Будто и мы стояли там, на московских тротуарах, вместе с молчаливыми женщинами, стариками и подростками, объединенные одним светлым, торжествующим, с примесью горечи и печали чувством свершившегося возмездия. Но увы, никого из нас не было там и не могло быть. Не могло быть… И так вдруг опять муторно стало на душе от сознания собственной никчемности, от обиды на судьбу, подкинувшей мне такую жалкую, презренную роль в этом великом, кровавом спектакле под названием «Война».
27 июля
Четверг
Уже много часов нахожусь под впечатлением услышанного.
Не могу отогнать видение и, словно наяву, снова и снова вижу бесконечную, равномерно-колышущуюся грязно-серую людскую ленту, слышу монотонное шарканье ног. Это плетутся те, кто еще недавно хозяином ходил по нашей земле, жег и разрушал наши дома, расстреливал, убивал и вешал непокорных. Среди многих понурых лиц я вдруг узнаю того первого, встреченного мной и мамой немца, в фуражке с высокой тульей, который, уверенно стоя на крыльце чужого дома, с презрительным равнодушием наблюдал сквозь темные очки за нами, что в страхе приближались к своему разоренному, оскверненному врагами жилищу, и который затем хладнокровно расстрелял нашу добродушную, веселую псину Векшу.
"
"…Я вижу шагающих рядом Мадамски и Сыча. Первый заметно осунулся, исчезли округлость живота и лоснящаяся сытость щек. Он машинально передвигает ноги и, наверное, невесело размышляет о том, что дернул же черт их фюрера связаться с этой проклятой страной Россией, где не только приходится начисто забывать о столь желанных его утробе «яйках» и «млеке», но и вообще не знаешь, что с тобой может случиться через неделю, через день, через час… И второй тоже уже совсем не похож на прежнего высокомерного, неприветливого «завоевателя».
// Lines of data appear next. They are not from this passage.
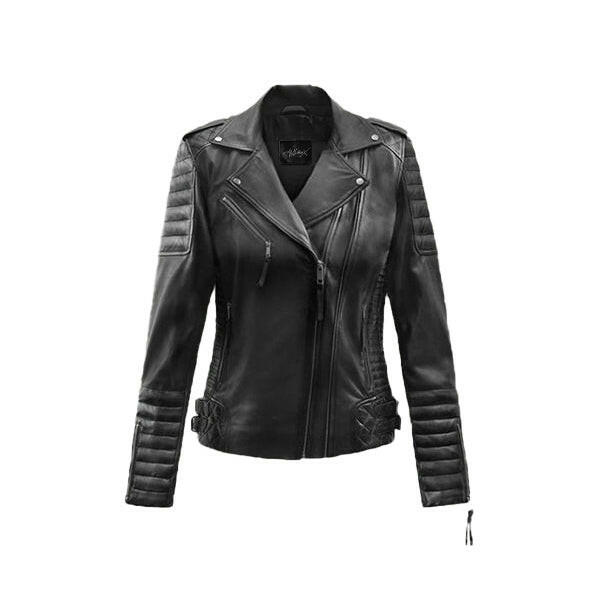 Women's Black Burnt Biker Leather Jacket
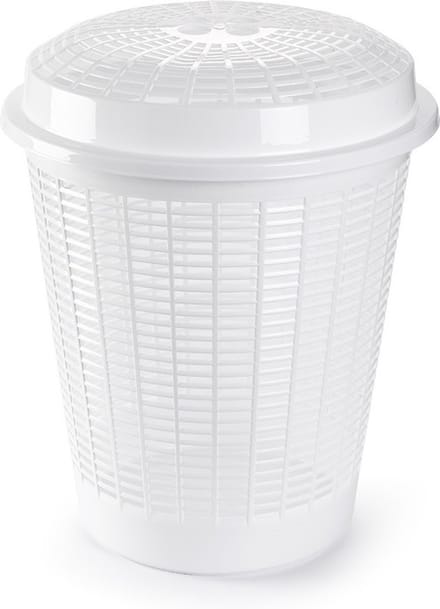 PlasticForte Wasmand met deksel - 50 liter - wit - rond - D45 x H57 cm - opbergmand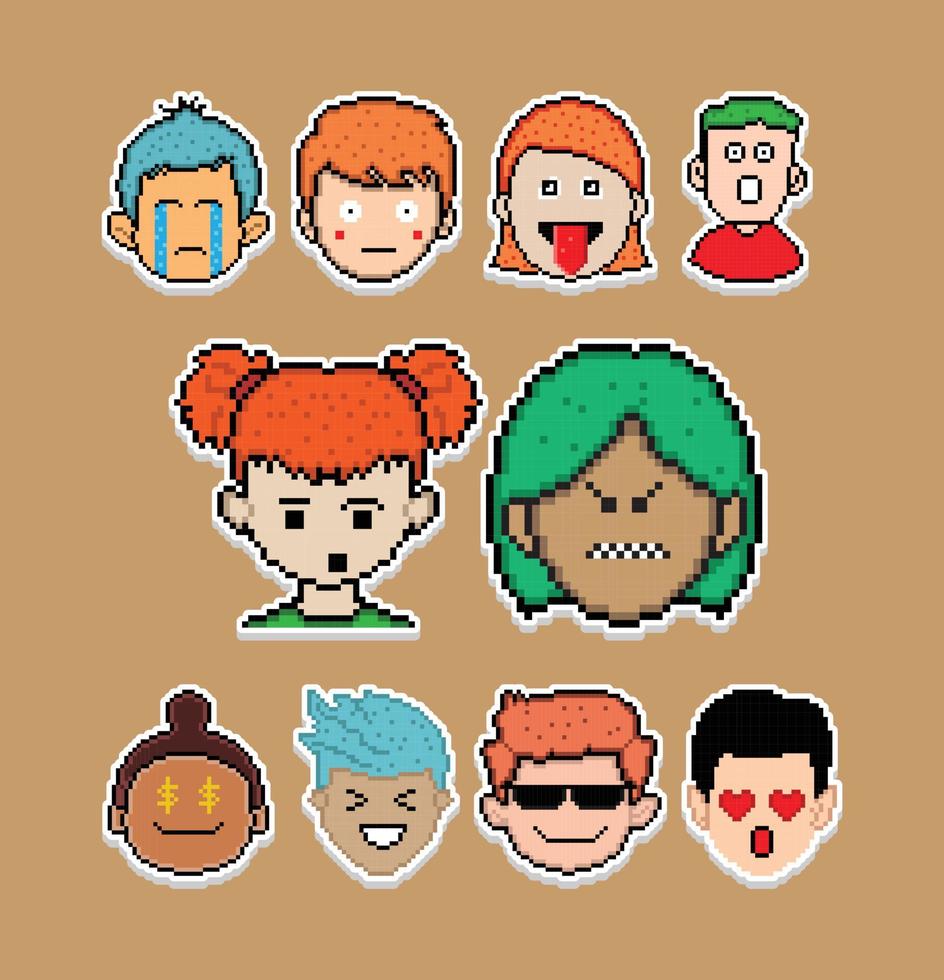 Pixel Art Sticker Emoji Design, vector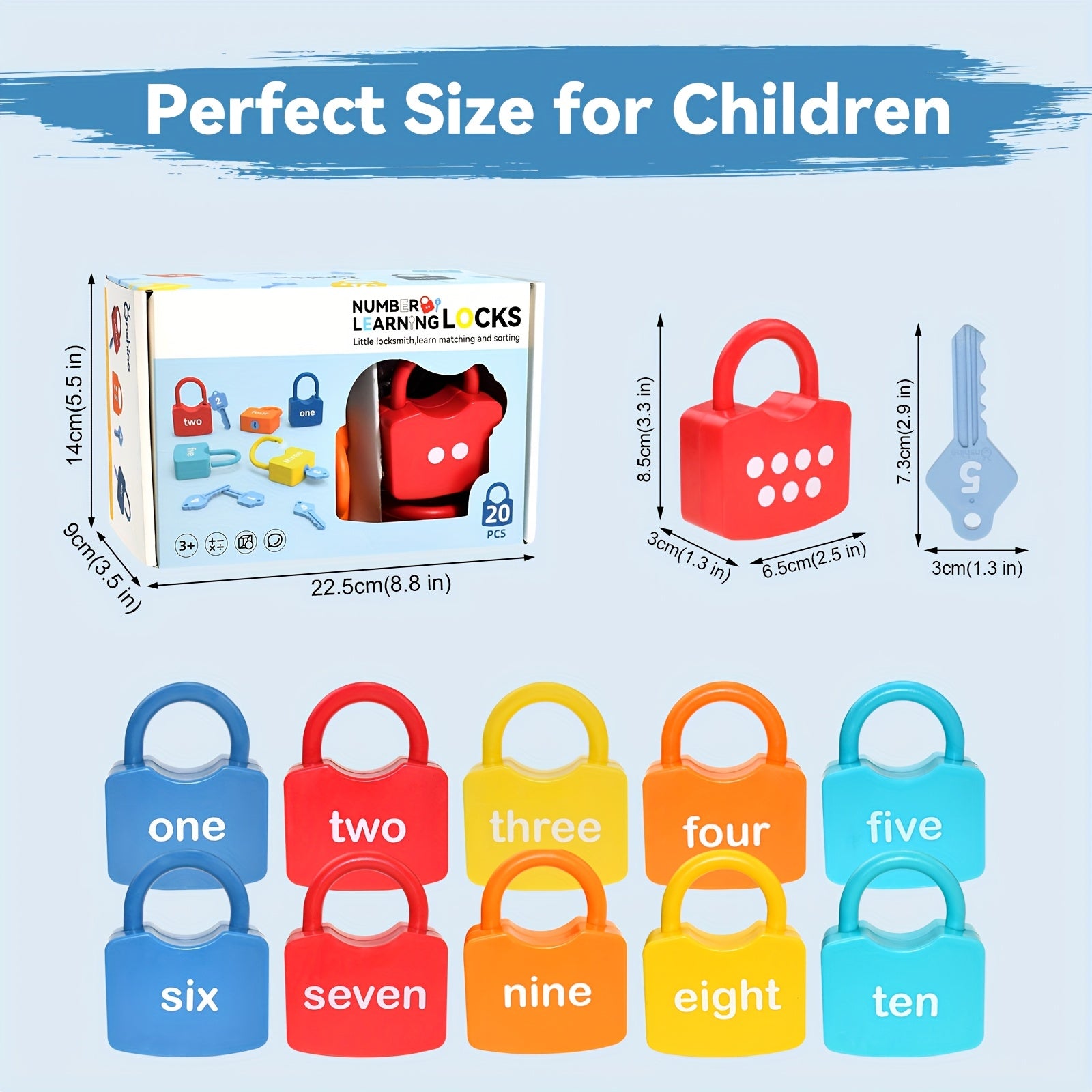 TEMU Toddler Learning Toys, 10pcs Kids Number Lock And Key Counting Toys For Toddlers 3-5, Preschool Activities Toys Games, Kindergarten Classroom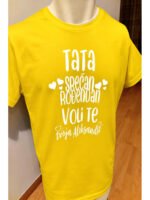 Tata srecan rodjendan Crna – Majica sa štampom – boja: žuta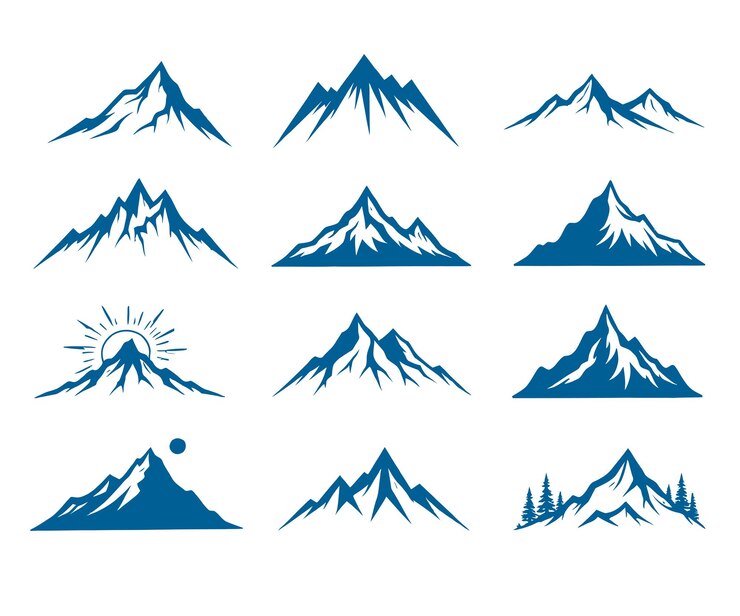 Collection of Mountain Silhouettes for Outdoor and Adventure Themes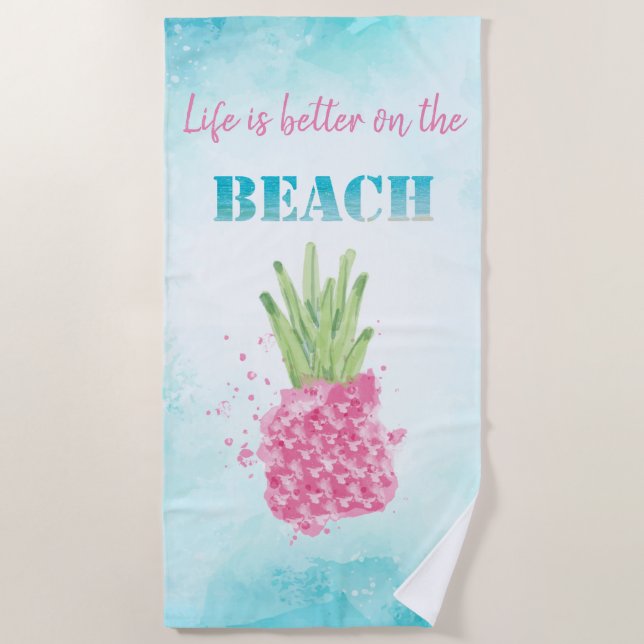 Serviette De Plage Ananas rose cool aquarelle   (Devant)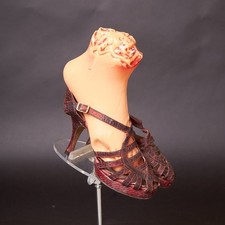 1940s Maroon Red Strappy Pressed Leather Heels Open Shoes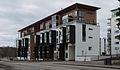 * Nomination Apartment building, Revontulentie 11B–D, Espoo, Finland. Photographed in March 2017. --Msaynevirta 15:14, 29 March 2017 (UTC) * Promotion Both side are leaning in, you have to correct the perspective. Further, the image is a bit dark, please tone up the brightness and, if you can, tone up the shadows and tone down the highlights to get more dynamic range. --Basotxerri 15:33, 29 March 2017 (UTC) I corrected the perspective and tried toning the image. Is it better now? --Msaynevirta 17:21, 29 March 2017 (UTC) OK now, thank you! Good quality. --Basotxerri 19:58, 29 March 2017 (UTC)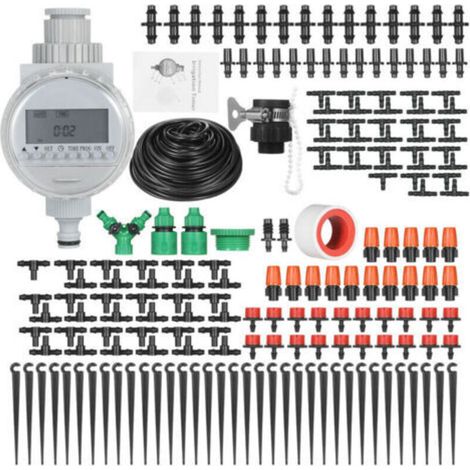 Kit de riego por goteo para plantas con sistema de riego automático electrónico y temporizador, goteros nebulizadores, 40 metros de manguera para jardín, césped y patio.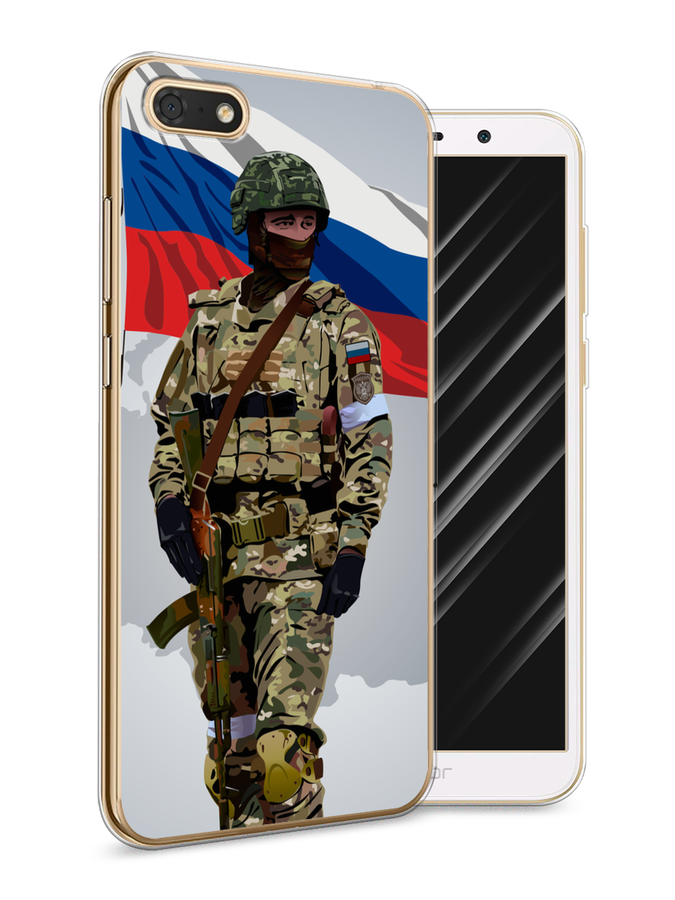 

Чехол Awog на Huawei Honor 7A/7A Prime/Y5 Prime 2018/Y5 2018 "Солдат с флагом", Белый;синий;красный;зеленый, 65250-1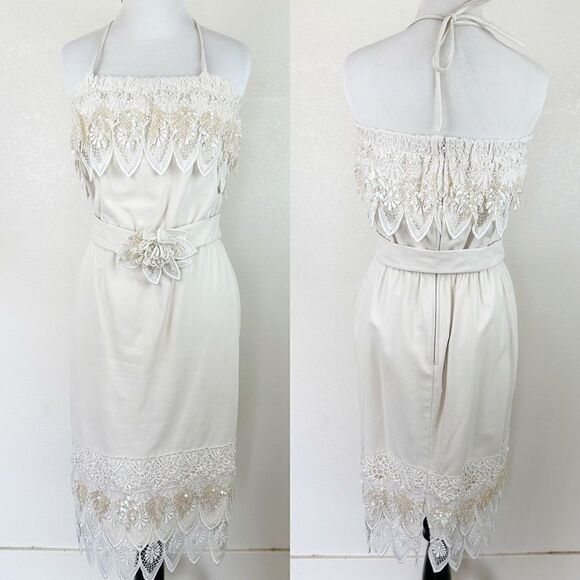 Vintage 1980s Leather Lace Belted Midi Dress Halter - Picture 1 of 12
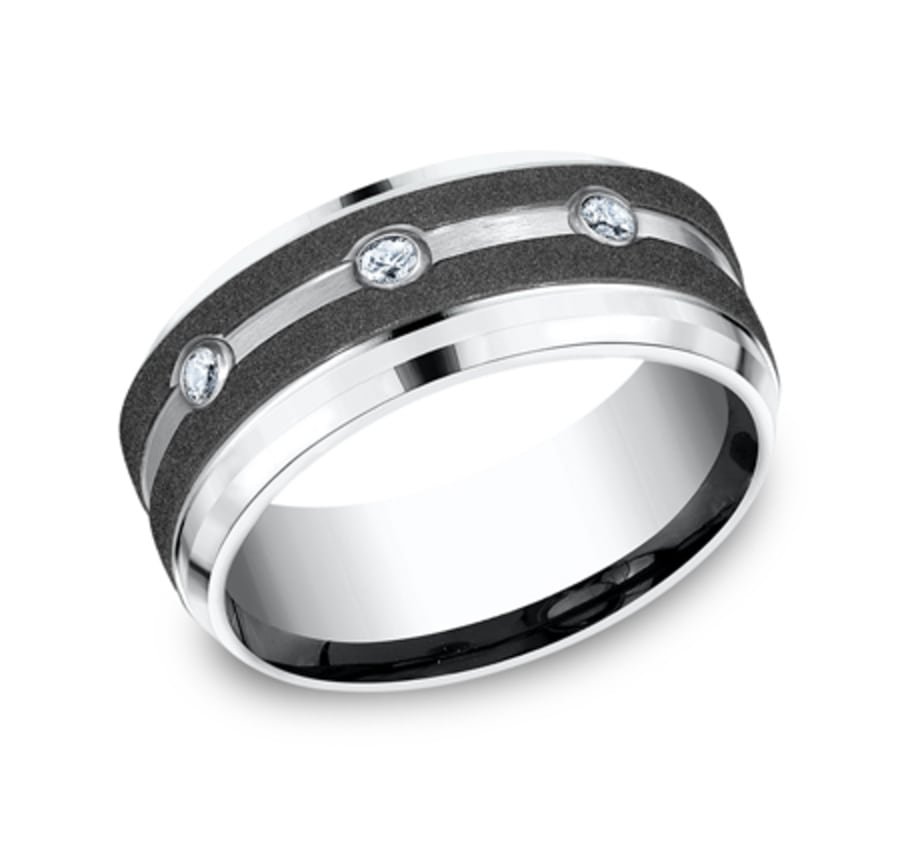 The Architect 9.00 mm White Cobalt Graphite Stripe & Diamond Wedding Ring (1/5 TCW)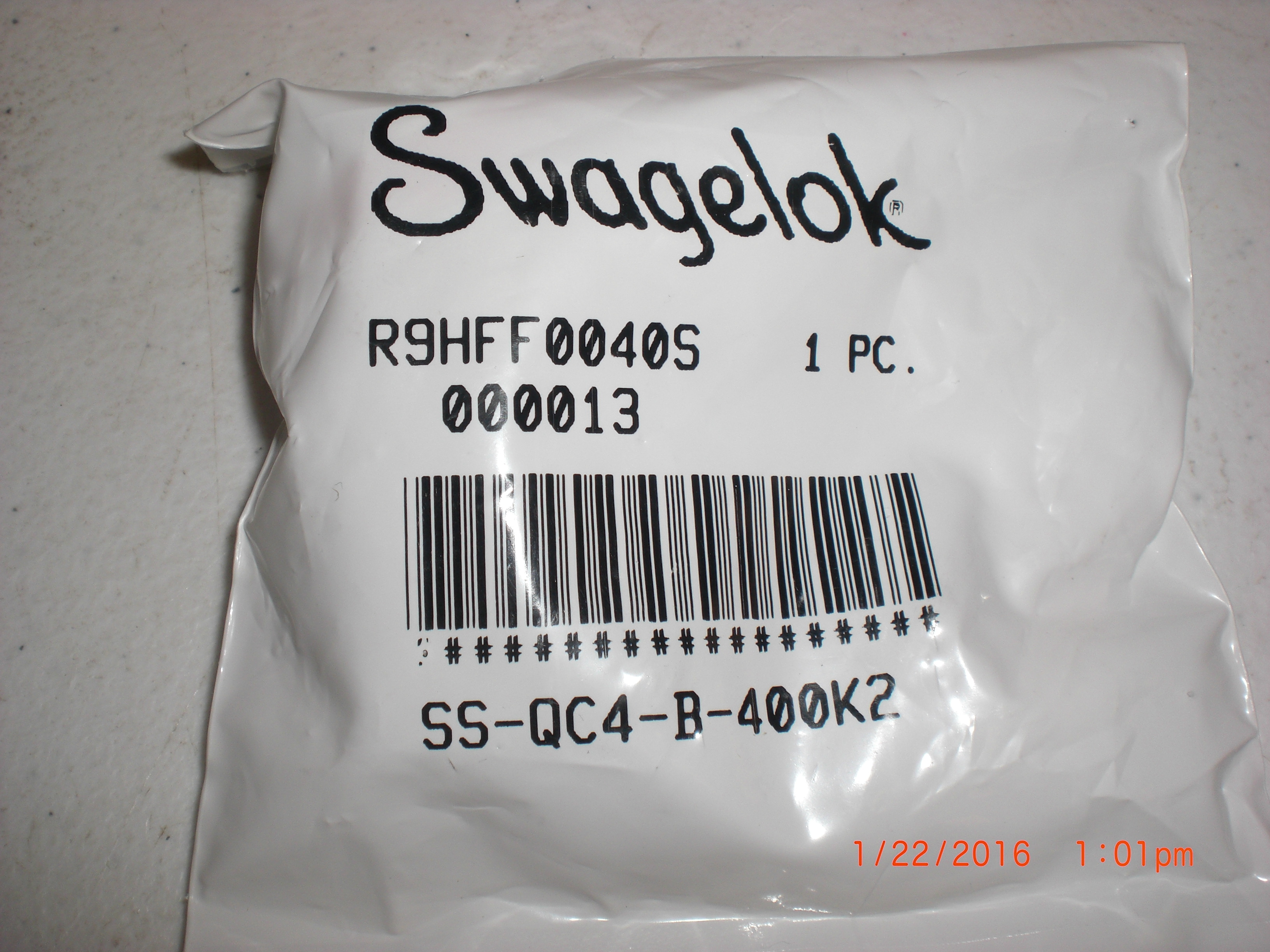 Fitting Swagelok SS-QC4-B-400K2 Quick Connect 1/4T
Он сгорбился и ссохся, стал еще ниже ростом, и даже его, когда-то щегольские «а-ля Гитлер», усы уныло обвисли, стали похожими на облезлую мочалу. Как и Мадамски, Сыч пытается не глядеть на стоящих плотными рядами вдоль дороги людей, в глазах которых ему видятся заслуженные презрение и укор.
Ему холодно и неуютно от их осуждающих взглядов, и он старается еще больше съежиться, сделаться еще меньше и незаметней. Но внезапно Сыч поднял глаза, в которых на мгновенье мелькнуло что-то человеческое. Наверное, вспомнилась ему в этот миг одна, вконец истощенная русская девчонка, которая в неуемном своем голоде унизилась до постыдного воровства помоев из собачьей миски.